- Directed by: Riley Thomson
- Story by: Larry Sharpsteen
- Produced by: Walt Disney
- Starring: Clarence Nash
- Music by: Larry Sharpsteen
- Color process: Technicolor
- Production company: Walt Disney Productions
- Distributed by: Community Chests of America
- Release date: September 1, 1940;
- Running time: 3 minutes
- Country: United States
- Language: English

= The Volunteer Worker =

1940 Donald Duck cartoon

The Volunteer Worker is a 1940 American commercial Donald Duck short film directed by Riley Thomson and produced by Walt Disney for the Community Chests of America.

==Plot==
Donald Duck is collecting for charity, but everyone refuses to donate. Saddened by his failure he sits on a sidewalk next to a worker and tells him his troubles. The worker tells Donald that he was helped by charity once, and although he can't give too much, he still wants to donate.
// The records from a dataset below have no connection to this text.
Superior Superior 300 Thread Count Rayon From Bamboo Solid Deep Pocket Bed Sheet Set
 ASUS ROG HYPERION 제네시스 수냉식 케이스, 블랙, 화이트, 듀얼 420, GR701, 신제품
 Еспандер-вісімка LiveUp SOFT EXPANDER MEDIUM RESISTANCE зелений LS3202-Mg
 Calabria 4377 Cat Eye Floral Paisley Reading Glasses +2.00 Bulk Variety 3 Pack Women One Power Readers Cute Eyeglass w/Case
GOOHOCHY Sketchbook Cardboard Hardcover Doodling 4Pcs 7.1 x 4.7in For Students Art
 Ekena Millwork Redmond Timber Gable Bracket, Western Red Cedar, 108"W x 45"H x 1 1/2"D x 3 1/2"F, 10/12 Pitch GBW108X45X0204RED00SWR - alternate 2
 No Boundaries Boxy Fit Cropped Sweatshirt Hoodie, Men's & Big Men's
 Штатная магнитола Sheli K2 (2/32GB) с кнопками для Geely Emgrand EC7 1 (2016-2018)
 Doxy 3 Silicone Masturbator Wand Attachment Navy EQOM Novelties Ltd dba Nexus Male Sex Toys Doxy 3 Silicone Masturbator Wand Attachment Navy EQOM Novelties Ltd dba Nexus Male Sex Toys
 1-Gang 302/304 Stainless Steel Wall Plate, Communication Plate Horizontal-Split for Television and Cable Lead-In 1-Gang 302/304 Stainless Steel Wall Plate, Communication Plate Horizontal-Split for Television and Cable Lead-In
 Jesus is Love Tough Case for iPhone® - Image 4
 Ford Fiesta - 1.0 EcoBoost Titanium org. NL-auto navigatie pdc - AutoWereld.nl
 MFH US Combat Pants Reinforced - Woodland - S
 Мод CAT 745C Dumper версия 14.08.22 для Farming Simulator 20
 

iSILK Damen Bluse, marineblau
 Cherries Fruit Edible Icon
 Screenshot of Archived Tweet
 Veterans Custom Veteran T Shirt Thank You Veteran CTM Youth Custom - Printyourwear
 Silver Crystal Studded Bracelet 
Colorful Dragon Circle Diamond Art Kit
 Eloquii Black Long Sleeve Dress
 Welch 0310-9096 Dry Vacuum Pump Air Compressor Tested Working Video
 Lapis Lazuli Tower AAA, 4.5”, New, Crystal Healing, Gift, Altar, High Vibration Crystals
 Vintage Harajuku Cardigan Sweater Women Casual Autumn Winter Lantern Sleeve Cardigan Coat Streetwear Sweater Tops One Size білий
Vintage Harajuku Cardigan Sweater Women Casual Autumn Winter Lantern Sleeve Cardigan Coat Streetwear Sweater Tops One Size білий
Donald is excited by the donation and gives the worker a "I Gave" button, which the worker proudly displays.

==Voice cast==
- Clarence Nash as Donald Duck / Butch the Bulldog
- Charles Judels as the Sidewalk Worker

==Home media==
The short was released on May 18, 2004, on Walt Disney Treasures: The Chronological Donald, Volume One: 1934-1941.